La colère gronde dans les coulisses de la Maison Blanche. Nul ne s’attendait, en effet, à l’élimination du Real face à l’Olympique Lyonnais. Ni les dirigeants, ni les joueurs, ni les socios. Et, du coup, voilà le club le plus riche du monde sens dessus dessous ! "C’est une grande déception. Mais notre projet n’est pas à court terme. Nous savions que la première année serait difficile. Il faut à présent nous concentrer sur la Liga ", confiait Jorge Valdano après la rencontre.

Mais le discours très politique du directeur sportif du Real passait mal. Les "aficionados" rêvaient de voir leur équipe participer à la finale de cette Ligue des Champions qui se déroulera sur la pelouse du stade Santiago Bernabeu. Et ils ne comprennent pas comment un club qui s’est offert, pour 250 millions d’euros, quelques-uns des meilleurs joueurs du monde (Kakà, Ronaldo, Benzema ) peut se faire sortir, dès les huitièmes de finale, par une équipe assez quelconque comme Lyon.

Aux yeux de nombreux observateurs, les jours de l’entraîneur Manuel Pellegrini sont désormais comptés. Le Chilien semble, il est vrai, dépassé par la situation et la pression. Beaucoup lui reprochent ses choix tactiques et, notamment, son allergie à utiliser le jeu par les ailes. Et il se chuchote que les entraînements du coach ne seraient pas très poussés physiquement. "Je n’ai pas l’intention de démissionner. C’est une défaite qui fait mal. Mais nous avons les moyens de réagir", explique l’intéressé, un zeste de fatalisme dans le verbe.

Une chose est sûre : l’ambiance parmi les joueurs n’est plus au beau fixe. "Lors des matches importants, nous devrions apprendre à jouer en équipe et pas individuellement", a lâché Guti après le nul face à Lyon.

La remarque était lourde de sous-entendus. Et elle s’adressait, en filigrane, à l’attaquant Gonzalo Higuain qui a tendance, ces derniers temps, à vouloir marquer à tout prix. Plusieurs fois, mercredi, l’Argentin a oublié des partenaires mieux placés. Le regard noir de Cristiano Ronaldo, qui évita toute déclaration après la partie, en disait long sur sa colère intérieure.

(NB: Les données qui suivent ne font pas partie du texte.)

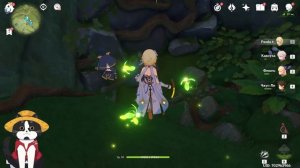 Самая Большая Пещера Сумеру | Открываем Все Входы | Геншин Импакт Сумеру Гайд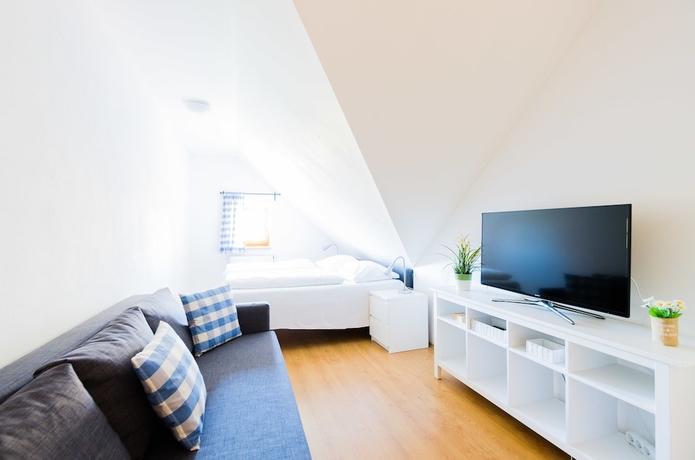 Imagen de la habitación del Hotel Lipno Nova Lake Resort. Foto 9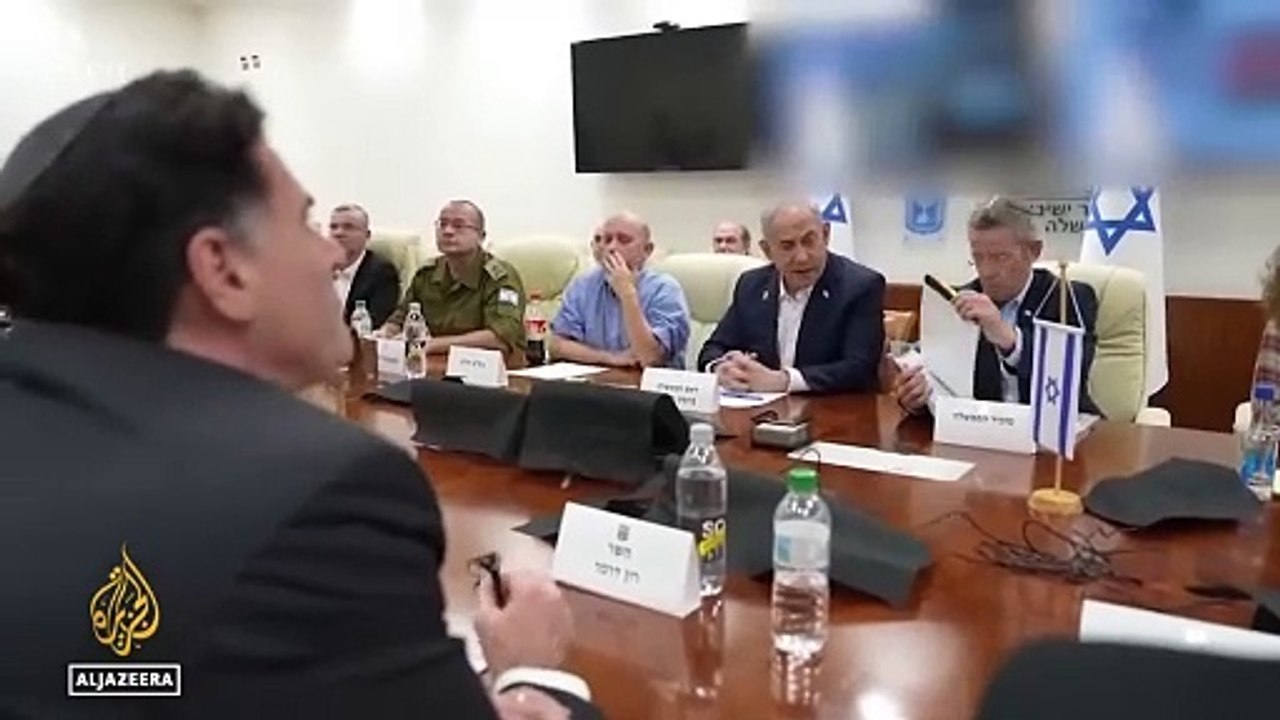 "Iran Launches 200 Missiles: Netanyahu Warns 'Iran Made a Big Mistake, It Will Pay'"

Même le flegmatique Kakà, encore une fois assez décevant sur le terrain, semblait énervé. Remplacé à un quart d’heure de la fin, il a montré son dégoût sur le chemin des vestiaires. Et un message de Twitter rédigé par son représentant après le match a déjà fait le tour d’Espagne ! Il y traitait l’entraîneur Pellegrini de lâche. Bonjour l’ambiance !

Il reste à présent au Real à sauver les apparences en remportant la Liga. Le match face au Barça du 10 avril s’annonce, déjà comme une échéance décisive pour les nouveaux Galactiques.